Comment 19 by Henry Cox posted on 3/30/2010 at 10:06 PM

Sorry about that. Don't all(or most current) mobile devices, that are equipped with Browsers, support javascript, therefore, the location can be determined through javascript's Location object and the device's hardware?

Comment 20 by Raymond Camden posted on 3/30/2010 at 10:12 PM

What Location object though? That's the question I'm asking. I know of document.location, which is the URL object, but what do you mean? A URL reference would be handy.

Comment 21 by Jon Hayes posted on 6/9/2010 at 8:56 AM

Hi Ray, Banging my head on a table.....
In my hack of this script I am trying to send the
data.latitude = lat
data.longitude = long
to a cfc to set client.latitude in order to locate a user on a map as per Adam Tuttles solution for setting client variables on http://stackoverflow.com/qu...

Please please with candy on top can you help me figure out how to send the location data to my ClientFacade.cfc so I can pass the location data around my app! Thanks in advance...

Comment 22 by Raymond Camden posted on 6/9/2010 at 4:21 PM

Once you have the long/lat, you simply make the Ajax request. Look at his setValue.click function. Notice the $.getJSON function. That performs the Ajax request. Just use that portion.

Comment 23 by Jon Hayes posted on 6/10/2010 at 6:57 AM

ack. still trying. the cfc setting is working... I just can't seem to see how to write the json my code is (using google gears for development purposes here - my iphone 3g is definitely not that quick loading (I want a Droid... :) ):

var geo = google.gears.factory.create('beta.geolocation');
var latitude = {"mylatobject": function updatePosition(position) {


basically my results are always 'undefined'... :(

Comment 24 by Raymond Camden posted on 6/10/2010 at 6:59 AM

Can you show us the entire code - or point us to the url?

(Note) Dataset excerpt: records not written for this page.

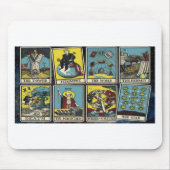 HET ILLUMINATI-KAARTGAME MUISMAT (Voorkant)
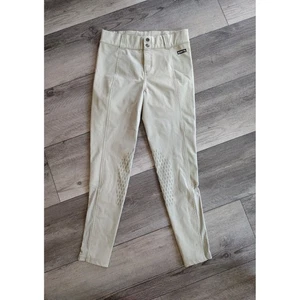 Kerrits Riding Affinity Ice Fill Breeches Kids XL - Picture 1 of 6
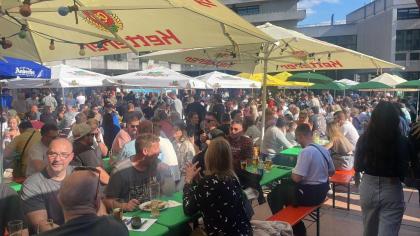 11. Pforzheimer Bierbörse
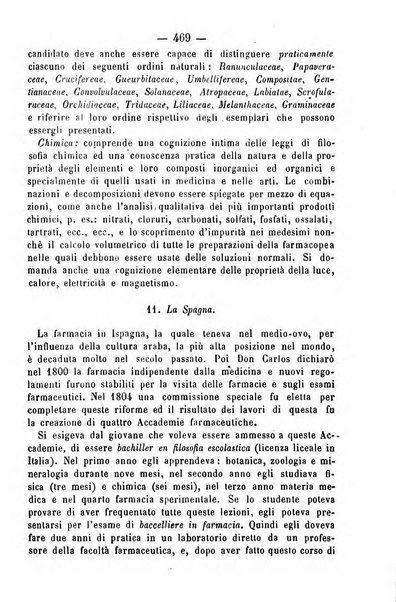 Giornale di farmacia, di chimica e di scienze affini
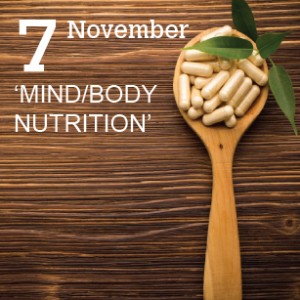 MIND, BODY NUTRITION¹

Comment 25 by Jon Hayes posted on 6/10/2010 at 7:20 AM

The blog keeps flagging me as spam when I try to paste the code so I replied to your comments notification email address


Comment 26 by Raymond Camden posted on 6/10/2010 at 4:54 PM

Wow - your code is seriously messed up. :) I see the JS, then I see a copy of it outside of a script block (well there is a closing script block). Did you mispaste something? Also, I never saw my Long/Lat. Job one is to ensure that part works -then look into making it set and getting get to work.